There is a convergence occurring within smart metering. Over the past six months, I’ve had numerous conversations with metering, AMI and communications providers, and it’s clear from what they’re saying that electric, water and gas are looking seriously at shared communications solutions to return end-usage data back to the utility.
Nowhere is this more imperative than within multi-utility municipalities, many of whom provide either two or sometimes all three services to their consumers. Recently, I spoke with Hassan Ali, vice president and general manager of Mueller Systems, a division of Mueller Water Products, Inc. Ali is familiar to many within the industry: in the past, he has served as director of quality and business excellence at Siemens Power Transmission & Distribution, and as general manager/vice president, and then director of marketing for Landis + Gyr.
At Mueller Systems, he is focused on smart metering solutions to optimize the delivery and use of both energy and water.
While the electric utility industry has been moving from automated meter reading (AMR) to advanced metering infrastructure (AMI), it has been more difficult to prove the business case for the AMI move within the water industry. “Water municipalities always considered monthly billing as the only use,” Ali told me. “Now, they are looking at aging infrastructure and conservation issues, as well, which is driving more technology.”
Within a multi-utility municipality, the two-way communications often already in play, or nearing deployment, can be optimized, so the information from the water meter flows to either the electric or gas meter, and is then channeled back to the utility.
While this isn’t a new concept—Ralph Abbott, president of Plexus Research, an R.W. Beck Company, wrote about “The Successful AMI Marriage: When Water AMR and Electric AMI Converge,” back in May 2008 for Water World magazine—what’s more recent is the advanced technology available to make it happen in a more economic way.
Two years ago, Abbott wrote: “Municipal water utilities with an electric counterpart should communicate soon and often. Most AMI system investments rest on a complex business case. Using the same infrastructure for both electric and water (and gas) obviously enhances that case. The water utility can help the electric utility make its case, and both utilities will reap the benefits.”

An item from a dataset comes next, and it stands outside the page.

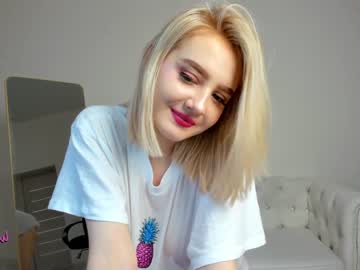 local cam girl oliviabr0wn image #2091330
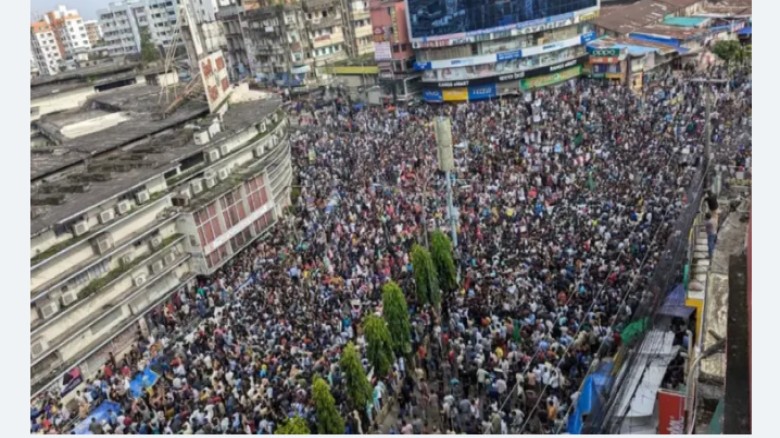 সকালে উৎকণ্ঠা, হাসিনা পালানোর খবরে উৎসবমুখর হয়ে ওঠে চট্টগ্রা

Ali, whose company is building radio transceivers into fire hydrant caps in order to communicate water usage-related data—what he describes as an economical, fixed-network solution using an infrastructure that’s already in place—discussed the importance for water utilities to be able to ascertain water leaks along the system (another economic reason for integrating AMI abilities). “Leak detection is now getting 90-percent reliable,” he said. “When the leak occurs, the municipality knows about it right away, and can make prioritized decisions about how and where to spend their O&M budgets.”
The idea of using the existing hydrant infrastructure to build a communications grid is an appealing concept. And at the home, where water meters are most often within sightlines of the electric or gas meter, uploading from the water meter to one of the other two meters presents a more economical business case for a multi-utility municipality, in particular.
But economical AMI for water meters also presents interesting food for thought, especially in water-starved states such as California. What will the ability for time-of-use water pricing, rather than bulk use pricing, do for conservation efforts?